Work to complete
Lift out, unaltered, the lines of the material below between the line holding "Kaettekita Motoyuusha Chapter" and the line holding "Why Are Grey", counting both.

......

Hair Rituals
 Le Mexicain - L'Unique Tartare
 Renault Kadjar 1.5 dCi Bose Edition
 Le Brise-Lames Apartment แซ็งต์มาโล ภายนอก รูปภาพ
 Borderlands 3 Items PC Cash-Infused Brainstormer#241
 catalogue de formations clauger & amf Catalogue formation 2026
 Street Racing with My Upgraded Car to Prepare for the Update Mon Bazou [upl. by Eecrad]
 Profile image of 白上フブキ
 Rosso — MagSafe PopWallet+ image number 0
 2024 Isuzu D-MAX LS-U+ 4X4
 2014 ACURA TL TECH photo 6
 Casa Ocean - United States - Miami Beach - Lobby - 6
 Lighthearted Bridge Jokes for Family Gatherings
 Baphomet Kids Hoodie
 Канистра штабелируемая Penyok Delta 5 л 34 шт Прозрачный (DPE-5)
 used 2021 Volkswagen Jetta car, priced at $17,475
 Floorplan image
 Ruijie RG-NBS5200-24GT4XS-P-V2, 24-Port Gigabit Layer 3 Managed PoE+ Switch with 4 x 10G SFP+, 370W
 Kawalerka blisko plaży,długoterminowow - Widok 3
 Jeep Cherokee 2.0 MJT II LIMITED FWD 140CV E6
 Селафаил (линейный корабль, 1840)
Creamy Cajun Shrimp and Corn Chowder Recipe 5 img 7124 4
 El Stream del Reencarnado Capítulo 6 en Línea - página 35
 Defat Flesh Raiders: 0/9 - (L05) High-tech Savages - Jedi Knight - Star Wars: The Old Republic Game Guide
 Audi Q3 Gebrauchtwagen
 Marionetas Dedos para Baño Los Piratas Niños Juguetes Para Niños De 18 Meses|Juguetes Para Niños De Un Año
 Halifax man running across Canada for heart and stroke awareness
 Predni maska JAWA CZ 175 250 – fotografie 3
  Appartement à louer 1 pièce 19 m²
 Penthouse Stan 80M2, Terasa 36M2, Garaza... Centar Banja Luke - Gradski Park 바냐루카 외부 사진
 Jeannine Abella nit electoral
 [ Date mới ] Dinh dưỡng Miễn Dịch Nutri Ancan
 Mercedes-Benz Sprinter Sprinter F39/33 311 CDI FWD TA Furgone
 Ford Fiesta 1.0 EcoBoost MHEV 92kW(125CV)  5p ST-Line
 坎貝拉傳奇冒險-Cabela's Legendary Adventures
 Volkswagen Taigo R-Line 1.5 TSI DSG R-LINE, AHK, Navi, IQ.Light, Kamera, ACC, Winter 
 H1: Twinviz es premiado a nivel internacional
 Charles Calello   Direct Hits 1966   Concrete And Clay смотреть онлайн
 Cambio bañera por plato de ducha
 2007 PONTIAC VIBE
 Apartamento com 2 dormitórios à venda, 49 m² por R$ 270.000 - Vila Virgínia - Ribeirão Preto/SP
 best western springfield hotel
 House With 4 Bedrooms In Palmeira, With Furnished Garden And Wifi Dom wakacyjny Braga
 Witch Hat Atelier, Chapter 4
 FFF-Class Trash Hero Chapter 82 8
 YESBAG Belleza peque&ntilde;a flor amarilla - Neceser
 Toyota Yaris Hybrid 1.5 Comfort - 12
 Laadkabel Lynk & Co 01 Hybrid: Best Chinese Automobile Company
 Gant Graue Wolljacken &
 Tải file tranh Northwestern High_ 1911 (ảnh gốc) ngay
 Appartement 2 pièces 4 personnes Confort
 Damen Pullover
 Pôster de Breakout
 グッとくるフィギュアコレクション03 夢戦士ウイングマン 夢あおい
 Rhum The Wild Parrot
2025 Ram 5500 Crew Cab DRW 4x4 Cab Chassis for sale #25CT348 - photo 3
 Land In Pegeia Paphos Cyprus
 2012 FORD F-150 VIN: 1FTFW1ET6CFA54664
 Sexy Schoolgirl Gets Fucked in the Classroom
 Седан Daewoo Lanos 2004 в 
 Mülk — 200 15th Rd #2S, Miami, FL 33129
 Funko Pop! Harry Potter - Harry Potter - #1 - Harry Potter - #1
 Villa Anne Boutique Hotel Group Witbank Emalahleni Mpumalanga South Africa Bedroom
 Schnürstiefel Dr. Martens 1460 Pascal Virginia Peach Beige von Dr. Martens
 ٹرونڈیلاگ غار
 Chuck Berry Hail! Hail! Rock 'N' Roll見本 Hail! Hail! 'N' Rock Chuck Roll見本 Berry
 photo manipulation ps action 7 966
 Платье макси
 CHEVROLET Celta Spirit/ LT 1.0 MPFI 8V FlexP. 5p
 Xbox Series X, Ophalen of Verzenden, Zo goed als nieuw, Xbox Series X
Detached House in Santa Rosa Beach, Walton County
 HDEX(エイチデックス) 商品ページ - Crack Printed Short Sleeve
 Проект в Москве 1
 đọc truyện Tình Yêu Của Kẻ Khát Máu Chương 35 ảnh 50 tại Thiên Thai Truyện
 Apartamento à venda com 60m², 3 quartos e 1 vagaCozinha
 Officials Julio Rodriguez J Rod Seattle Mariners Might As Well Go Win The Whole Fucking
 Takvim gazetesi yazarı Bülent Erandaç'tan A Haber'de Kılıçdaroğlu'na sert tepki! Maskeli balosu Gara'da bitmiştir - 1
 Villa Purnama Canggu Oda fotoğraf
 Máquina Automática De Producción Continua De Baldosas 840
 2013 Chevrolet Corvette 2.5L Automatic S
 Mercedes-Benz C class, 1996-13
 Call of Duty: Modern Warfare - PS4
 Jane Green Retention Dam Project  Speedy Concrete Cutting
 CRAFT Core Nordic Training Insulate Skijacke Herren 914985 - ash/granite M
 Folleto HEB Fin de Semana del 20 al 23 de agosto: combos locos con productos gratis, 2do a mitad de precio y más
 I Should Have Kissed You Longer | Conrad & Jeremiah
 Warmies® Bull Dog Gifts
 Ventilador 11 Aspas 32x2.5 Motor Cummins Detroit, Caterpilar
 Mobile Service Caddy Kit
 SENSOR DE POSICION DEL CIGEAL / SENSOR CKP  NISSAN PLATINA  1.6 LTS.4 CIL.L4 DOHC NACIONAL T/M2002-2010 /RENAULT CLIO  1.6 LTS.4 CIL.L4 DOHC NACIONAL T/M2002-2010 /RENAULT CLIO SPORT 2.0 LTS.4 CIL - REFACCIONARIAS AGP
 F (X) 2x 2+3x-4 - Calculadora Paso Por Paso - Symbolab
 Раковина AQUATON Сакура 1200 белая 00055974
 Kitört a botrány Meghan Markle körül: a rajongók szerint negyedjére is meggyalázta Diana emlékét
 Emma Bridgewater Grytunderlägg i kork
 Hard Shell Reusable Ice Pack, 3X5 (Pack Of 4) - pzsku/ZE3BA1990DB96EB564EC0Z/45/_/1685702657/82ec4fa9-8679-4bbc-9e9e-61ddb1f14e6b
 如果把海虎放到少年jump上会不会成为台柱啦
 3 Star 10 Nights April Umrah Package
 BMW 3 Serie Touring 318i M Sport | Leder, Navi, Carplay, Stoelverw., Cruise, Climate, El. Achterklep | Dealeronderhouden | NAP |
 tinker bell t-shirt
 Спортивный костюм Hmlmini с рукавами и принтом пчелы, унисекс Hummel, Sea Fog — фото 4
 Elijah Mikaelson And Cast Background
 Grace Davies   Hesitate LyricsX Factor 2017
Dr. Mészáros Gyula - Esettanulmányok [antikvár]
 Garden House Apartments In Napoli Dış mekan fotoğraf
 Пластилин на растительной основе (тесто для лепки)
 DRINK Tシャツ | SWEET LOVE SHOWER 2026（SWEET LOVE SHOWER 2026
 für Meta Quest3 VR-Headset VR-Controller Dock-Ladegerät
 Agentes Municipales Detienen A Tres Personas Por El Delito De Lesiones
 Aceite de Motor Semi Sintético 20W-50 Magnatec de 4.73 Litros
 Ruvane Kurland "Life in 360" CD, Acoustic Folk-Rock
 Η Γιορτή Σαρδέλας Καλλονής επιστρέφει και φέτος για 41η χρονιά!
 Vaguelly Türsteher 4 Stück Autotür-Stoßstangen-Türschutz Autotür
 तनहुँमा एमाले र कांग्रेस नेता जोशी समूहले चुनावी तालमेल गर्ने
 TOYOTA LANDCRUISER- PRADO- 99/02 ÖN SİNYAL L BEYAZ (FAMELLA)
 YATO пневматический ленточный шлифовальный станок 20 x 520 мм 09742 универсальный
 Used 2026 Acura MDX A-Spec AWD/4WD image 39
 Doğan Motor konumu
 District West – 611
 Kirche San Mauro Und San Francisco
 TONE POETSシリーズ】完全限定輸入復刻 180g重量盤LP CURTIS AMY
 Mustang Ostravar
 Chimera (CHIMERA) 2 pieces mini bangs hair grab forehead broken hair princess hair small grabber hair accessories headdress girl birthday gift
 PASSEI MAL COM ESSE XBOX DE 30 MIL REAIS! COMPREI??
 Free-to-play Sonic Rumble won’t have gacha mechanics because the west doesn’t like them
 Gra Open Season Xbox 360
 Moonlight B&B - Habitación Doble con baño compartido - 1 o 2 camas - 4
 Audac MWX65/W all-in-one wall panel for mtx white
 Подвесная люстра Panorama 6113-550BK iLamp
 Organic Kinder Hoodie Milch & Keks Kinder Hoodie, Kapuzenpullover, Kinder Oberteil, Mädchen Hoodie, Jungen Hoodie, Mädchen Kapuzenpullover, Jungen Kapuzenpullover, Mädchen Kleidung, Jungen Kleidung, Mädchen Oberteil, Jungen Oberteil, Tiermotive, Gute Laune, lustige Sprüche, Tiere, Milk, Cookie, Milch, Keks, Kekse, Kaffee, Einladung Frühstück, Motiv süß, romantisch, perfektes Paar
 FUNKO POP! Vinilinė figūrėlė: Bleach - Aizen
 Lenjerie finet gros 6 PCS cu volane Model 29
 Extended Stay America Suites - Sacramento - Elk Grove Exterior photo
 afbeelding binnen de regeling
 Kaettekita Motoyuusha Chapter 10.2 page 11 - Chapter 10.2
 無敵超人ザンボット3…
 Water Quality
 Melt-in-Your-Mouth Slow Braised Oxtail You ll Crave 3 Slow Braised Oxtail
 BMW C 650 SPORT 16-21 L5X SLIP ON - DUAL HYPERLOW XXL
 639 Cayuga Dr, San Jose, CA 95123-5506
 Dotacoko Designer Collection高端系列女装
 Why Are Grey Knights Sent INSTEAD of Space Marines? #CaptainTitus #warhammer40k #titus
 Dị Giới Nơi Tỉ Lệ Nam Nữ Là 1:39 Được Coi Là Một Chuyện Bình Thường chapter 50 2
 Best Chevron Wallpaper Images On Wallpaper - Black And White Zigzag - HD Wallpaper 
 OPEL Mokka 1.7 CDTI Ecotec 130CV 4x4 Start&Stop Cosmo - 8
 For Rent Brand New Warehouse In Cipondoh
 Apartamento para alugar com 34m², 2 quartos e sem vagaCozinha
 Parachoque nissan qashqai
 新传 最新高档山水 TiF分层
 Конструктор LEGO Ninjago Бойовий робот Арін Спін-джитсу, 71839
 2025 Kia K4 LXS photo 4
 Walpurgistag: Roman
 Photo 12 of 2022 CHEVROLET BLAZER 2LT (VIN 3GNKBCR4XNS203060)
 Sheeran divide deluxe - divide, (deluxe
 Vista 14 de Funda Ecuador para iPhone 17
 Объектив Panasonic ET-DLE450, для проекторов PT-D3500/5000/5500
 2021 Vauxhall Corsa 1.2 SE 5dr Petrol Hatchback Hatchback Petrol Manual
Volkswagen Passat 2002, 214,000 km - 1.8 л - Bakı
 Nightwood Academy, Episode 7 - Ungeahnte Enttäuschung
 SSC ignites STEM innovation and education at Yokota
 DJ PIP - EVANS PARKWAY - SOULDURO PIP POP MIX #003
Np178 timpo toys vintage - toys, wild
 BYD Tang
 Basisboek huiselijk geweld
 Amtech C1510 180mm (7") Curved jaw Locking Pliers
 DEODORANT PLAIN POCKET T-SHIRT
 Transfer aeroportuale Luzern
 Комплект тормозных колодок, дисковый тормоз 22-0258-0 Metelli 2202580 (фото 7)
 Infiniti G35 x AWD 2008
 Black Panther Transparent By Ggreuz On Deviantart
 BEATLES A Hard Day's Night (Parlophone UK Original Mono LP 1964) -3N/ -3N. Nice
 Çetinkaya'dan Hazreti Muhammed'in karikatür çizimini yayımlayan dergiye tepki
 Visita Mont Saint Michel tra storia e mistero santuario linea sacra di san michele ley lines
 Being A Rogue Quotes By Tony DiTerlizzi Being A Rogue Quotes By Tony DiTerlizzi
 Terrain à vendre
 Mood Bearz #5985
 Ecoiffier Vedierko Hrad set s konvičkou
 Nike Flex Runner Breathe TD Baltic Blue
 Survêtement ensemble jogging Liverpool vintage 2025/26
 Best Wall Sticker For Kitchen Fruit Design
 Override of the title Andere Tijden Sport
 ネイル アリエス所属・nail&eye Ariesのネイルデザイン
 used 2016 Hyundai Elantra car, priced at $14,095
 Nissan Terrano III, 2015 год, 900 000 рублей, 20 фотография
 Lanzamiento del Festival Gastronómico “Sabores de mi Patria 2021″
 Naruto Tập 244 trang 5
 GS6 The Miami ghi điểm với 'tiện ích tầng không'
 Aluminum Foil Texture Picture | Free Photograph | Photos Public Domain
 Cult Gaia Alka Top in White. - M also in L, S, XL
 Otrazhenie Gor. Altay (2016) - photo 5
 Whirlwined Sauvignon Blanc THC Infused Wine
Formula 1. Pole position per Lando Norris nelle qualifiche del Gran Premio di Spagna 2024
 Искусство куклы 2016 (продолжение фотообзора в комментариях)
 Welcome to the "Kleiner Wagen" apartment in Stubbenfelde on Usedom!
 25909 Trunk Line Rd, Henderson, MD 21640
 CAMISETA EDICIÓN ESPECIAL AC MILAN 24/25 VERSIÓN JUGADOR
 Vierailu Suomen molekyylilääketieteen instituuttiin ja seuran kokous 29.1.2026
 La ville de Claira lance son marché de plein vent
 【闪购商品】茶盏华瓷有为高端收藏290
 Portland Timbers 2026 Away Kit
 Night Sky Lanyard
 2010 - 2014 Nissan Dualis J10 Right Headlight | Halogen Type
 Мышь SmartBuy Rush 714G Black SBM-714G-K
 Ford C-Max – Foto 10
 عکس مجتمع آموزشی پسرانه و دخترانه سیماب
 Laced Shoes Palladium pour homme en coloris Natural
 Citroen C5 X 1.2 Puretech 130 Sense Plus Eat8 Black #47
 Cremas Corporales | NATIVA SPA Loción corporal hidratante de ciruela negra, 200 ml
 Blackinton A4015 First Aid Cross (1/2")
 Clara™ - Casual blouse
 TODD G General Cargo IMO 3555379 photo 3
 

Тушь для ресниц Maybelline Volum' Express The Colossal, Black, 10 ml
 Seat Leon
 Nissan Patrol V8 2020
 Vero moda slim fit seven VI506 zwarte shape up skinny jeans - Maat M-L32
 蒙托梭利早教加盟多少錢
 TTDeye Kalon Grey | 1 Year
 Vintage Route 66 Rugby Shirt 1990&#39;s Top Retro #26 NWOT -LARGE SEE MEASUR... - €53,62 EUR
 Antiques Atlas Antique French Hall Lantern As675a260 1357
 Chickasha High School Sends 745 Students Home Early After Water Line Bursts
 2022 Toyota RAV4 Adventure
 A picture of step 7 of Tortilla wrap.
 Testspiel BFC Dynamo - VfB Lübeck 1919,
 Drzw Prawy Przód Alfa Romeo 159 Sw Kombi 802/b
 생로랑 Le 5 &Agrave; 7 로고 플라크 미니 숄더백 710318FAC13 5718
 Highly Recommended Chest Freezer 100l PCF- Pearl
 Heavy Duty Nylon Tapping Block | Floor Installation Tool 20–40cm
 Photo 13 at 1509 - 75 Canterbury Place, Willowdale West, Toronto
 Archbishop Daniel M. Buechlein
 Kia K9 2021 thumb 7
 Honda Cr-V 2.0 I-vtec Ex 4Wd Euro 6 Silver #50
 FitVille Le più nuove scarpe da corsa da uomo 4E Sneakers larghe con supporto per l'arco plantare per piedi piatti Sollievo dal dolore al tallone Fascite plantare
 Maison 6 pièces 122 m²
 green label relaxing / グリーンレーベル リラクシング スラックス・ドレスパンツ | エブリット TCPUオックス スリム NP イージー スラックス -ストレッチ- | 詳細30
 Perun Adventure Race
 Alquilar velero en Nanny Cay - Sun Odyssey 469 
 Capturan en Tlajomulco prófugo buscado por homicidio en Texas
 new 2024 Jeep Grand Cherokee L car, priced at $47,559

......

Your solution
 Kaettekita Motoyuusha Chapter 10.2 page 11 - Chapter 10.2
 無敵超人ザンボット3…
 Water Quality
 Melt-in-Your-Mouth Slow Braised Oxtail You ll Crave 3 Slow Braised Oxtail
 BMW C 650 SPORT 16-21 L5X SLIP ON - DUAL HYPERLOW XXL
 639 Cayuga Dr, San Jose, CA 95123-5506
 Dotacoko Designer Collection高端系列女装
 Why Are Grey Knights Sent INSTEAD of Space Marines? #CaptainTitus #warhammer40k #titus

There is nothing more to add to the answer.